The beach at Pass Christian

Pensacola beach was the first beach in Florida I went to. It was unfortunately cloudy that day, but it was my first time on a white sand beach. It was strangely peaceful. The drive along the coast was lined up with hotels all along the way in the form of tall buildings, each trying to sell the “room with a ocean view” experience. I could only hope that the days would get brighter as I proceeded to south Florida. I wanted to go to Clearwater beach next, as it was consistently voted as one of the top beaches in the US. It was still quite far from Pensacola, so I decided to stop at Tampa for the night. My emergency couch request was accepted by a guy called Peter who worked as a scientist in a nearby university. Peter told me that the beaches on the western coast of Florida will have white sands owing to the limestone, whereas the ones on the eastern coast will not.

Pensacola Beach

The next day started off bright and sunny fortunately, and I ventured off to explore beaches on the eastern coast – Clearwater and Siesta Key. Both of them have some of the finest and whitest sands of any beach I have been to. Super clean and beautiful, these beaches are extremely family friendly as the crowd was decorous and optimal, although that could have been due to the winter season. I spent most of my day on these beaches until it was dark. It was New Year’s Eve, and I started off for Miami. I was on the west coast in San Francisco for the 2013 New Years eve, and this time I watched the fireworks on the east coast from Bayfront Park in Miami (is that poetic, or lame?).

Clearwater Beach
Siesta Key Beach
The only decent shot I took at the fireworks

The next day, I proceeded to the accommodation that I had booked through Airbnb in Miami.

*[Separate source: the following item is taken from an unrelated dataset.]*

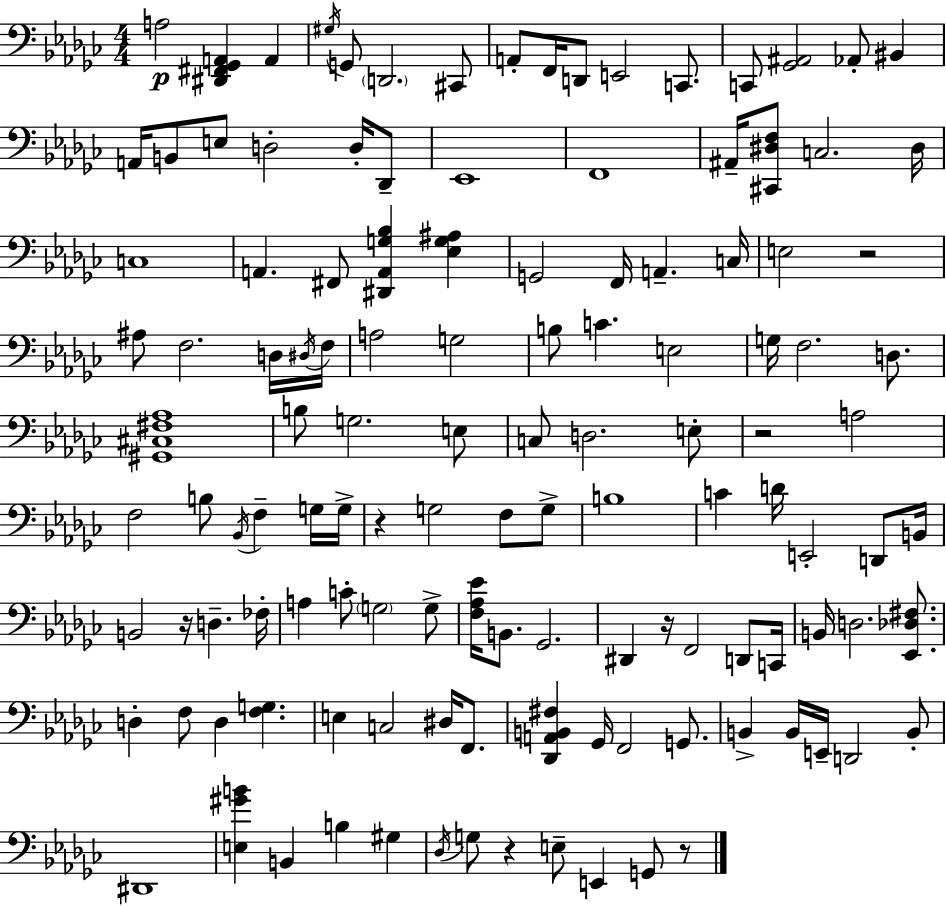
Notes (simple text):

A3/h [D#2,F#2,Gb2,A2]/q A2/q G#3/s G2/e D2/h. C#2/e A2/e F2/s D2/e E2/h C2/e. C2/e [Gb2,A#2]/h Ab2/e BIS2/q A2/s B2/e E3/e D3/h D3/s Db2/e Eb2/w F2/w A#2/s [C#2,D#3,F3]/e C3/h. D#3/s C3/w A2/q. F#2/e [D#2,A2,G3,Bb3]/q [Eb3,G3,A#3]/q G2/h F2/s A2/q. C3/s E3/h R/h A#3/e F3/h. D3/s D#3/s F3/s A3/h G3/h B3/e C4/q. E3/h G3/s F3/h. D3/e. [G#2,C#3,F#3,Ab3]/w B3/e G3/h. E3/e C3/e D3/h. E3/e R/h A3/h F3/h B3/e Bb2/s F3/q G3/s G3/s R/q G3/h F3/e G3/e B3/w C4/q D4/s E2/h D2/e B2/s B2/h R/s D3/q. FES3/s A3/q C4/e G3/h G3/e [F3,Ab3,Eb4]/s B2/e. Gb2/h. D#2/q R/s F2/h D2/e C2/s B2/s D3/h. [Eb2,Db3,F#3]/e. D3/q F3/e D3/q [F3,G3]/q. E3/q C3/h D#3/s F2/e. [Db2,A2,B2,F#3]/q Gb2/s F2/h G2/e. B2/q B2/s E2/s D2/h B2/e D#2/w [E3,G#4,B4]/q B2/q B3/q G#3/q Db3/s G3/e R/q E3/e E2/q G2/e R/e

After settling down for a bit, I proceeded to the South Beach in Miami, on the western coast of Florida. The sand was brown and coarse, and there were commercial establishments all over. But the beach more than made up for what it lacked in serenity with character and people. Let me just say I was a very happy man for the seemingly short time I spent there :). My Airbnb host, Arthur, knew his way around town very well. He showed me around Miami for a little bit, and we visited a small island south of Miami called Key Biscayne. Remarkably lesser crowd for a beach that was so nice! He couldn’t join me on my trip to Key West, though. Key West is the last in a long string of islands called the Florida Keys. The drive from Miami to Key West goes across these islands on many bridges, one of them being the seven-mile bridge. The drive was quite enchanting for a bit when you are driving on a bridge in the middle of the ocean, but then it gets a little boring. The sunset at Key West though was worth the drive. And the road trip had come to an end. The next morning, when I drove my rental car to the airport, it started playing Good Riddance. with Green Day singing, “I hope you had the time of your life”. I sure did.

Miami Downtown
Key Biscayne
Key West
The final sunset at Key West

P.S: The authorities in Texas thought it was also important to remind those who fly over the state where they are. I could see the Lonestar painted on top of buildings too on my way back. Sigh!